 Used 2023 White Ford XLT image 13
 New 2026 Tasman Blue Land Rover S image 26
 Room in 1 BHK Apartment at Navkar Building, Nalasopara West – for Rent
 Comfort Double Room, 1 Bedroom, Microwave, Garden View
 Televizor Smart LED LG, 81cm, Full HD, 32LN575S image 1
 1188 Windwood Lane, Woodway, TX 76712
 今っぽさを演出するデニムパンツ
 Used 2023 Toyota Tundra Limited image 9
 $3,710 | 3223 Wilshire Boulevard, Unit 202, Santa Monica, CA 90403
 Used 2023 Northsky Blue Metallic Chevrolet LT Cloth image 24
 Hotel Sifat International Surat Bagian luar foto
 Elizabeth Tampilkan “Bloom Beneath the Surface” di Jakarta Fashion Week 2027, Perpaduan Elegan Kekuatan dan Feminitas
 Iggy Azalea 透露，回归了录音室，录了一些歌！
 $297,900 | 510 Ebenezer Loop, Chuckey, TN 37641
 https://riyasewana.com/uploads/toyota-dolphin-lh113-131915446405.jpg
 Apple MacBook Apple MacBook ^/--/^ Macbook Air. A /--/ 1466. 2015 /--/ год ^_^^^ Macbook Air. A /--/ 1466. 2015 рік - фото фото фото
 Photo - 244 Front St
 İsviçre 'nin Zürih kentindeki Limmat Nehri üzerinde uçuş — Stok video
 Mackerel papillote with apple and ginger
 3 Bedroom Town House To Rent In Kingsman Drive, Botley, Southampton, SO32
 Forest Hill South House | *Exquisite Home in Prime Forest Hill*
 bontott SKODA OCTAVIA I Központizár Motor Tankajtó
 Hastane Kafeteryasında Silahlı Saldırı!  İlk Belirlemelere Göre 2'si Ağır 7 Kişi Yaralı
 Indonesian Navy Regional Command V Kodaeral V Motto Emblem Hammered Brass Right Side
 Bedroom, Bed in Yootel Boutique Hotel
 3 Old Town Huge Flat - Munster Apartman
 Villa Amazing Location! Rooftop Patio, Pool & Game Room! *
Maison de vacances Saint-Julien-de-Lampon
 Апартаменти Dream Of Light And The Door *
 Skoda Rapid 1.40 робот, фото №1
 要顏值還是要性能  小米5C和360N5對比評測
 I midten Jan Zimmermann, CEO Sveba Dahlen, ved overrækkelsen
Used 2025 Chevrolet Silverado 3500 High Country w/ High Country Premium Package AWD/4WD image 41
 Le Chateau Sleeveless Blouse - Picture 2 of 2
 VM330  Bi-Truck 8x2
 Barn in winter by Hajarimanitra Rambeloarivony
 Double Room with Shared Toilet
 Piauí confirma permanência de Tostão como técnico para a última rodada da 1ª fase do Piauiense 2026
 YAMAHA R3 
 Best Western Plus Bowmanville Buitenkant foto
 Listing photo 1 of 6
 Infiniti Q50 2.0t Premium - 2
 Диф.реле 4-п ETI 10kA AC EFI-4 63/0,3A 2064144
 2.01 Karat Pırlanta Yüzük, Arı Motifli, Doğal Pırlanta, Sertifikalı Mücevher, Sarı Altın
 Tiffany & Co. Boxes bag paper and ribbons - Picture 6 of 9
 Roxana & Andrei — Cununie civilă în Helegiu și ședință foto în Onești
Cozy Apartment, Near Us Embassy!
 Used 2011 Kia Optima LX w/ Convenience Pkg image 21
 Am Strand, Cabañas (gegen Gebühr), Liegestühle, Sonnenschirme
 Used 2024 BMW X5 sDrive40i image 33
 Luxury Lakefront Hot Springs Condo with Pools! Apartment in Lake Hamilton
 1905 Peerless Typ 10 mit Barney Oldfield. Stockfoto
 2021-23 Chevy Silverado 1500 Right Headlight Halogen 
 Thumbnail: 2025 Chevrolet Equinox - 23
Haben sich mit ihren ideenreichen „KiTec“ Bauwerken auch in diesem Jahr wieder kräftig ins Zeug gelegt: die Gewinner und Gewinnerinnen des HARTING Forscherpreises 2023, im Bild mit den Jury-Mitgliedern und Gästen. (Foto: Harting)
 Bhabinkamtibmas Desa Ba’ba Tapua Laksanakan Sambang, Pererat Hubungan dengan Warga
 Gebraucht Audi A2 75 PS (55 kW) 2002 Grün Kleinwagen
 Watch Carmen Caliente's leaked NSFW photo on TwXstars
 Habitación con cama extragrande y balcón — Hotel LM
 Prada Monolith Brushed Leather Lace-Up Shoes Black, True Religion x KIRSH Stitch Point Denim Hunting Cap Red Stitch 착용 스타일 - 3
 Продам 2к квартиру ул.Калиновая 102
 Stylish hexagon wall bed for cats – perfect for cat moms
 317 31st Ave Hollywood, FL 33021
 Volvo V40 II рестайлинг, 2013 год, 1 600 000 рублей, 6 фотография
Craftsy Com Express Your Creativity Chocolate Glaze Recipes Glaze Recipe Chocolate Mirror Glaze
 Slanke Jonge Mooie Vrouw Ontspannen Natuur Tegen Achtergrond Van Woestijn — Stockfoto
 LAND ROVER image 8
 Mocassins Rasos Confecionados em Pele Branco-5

# WHAT TO DO
Please print, exactly and with nothing else, the lines from the first line of the entries through the line containing "Monica, CA 90403".

# SOLUTION BELOW
 Used 2023 White Ford XLT image 13
 New 2026 Tasman Blue Land Rover S image 26
 Room in 1 BHK Apartment at Navkar Building, Nalasopara West – for Rent
 Comfort Double Room, 1 Bedroom, Microwave, Garden View
 Televizor Smart LED LG, 81cm, Full HD, 32LN575S image 1
 1188 Windwood Lane, Woodway, TX 76712
 今っぽさを演出するデニムパンツ
 Used 2023 Toyota Tundra Limited image 9
 $3,710 | 3223 Wilshire Boulevard, Unit 202, Santa Monica, CA 90403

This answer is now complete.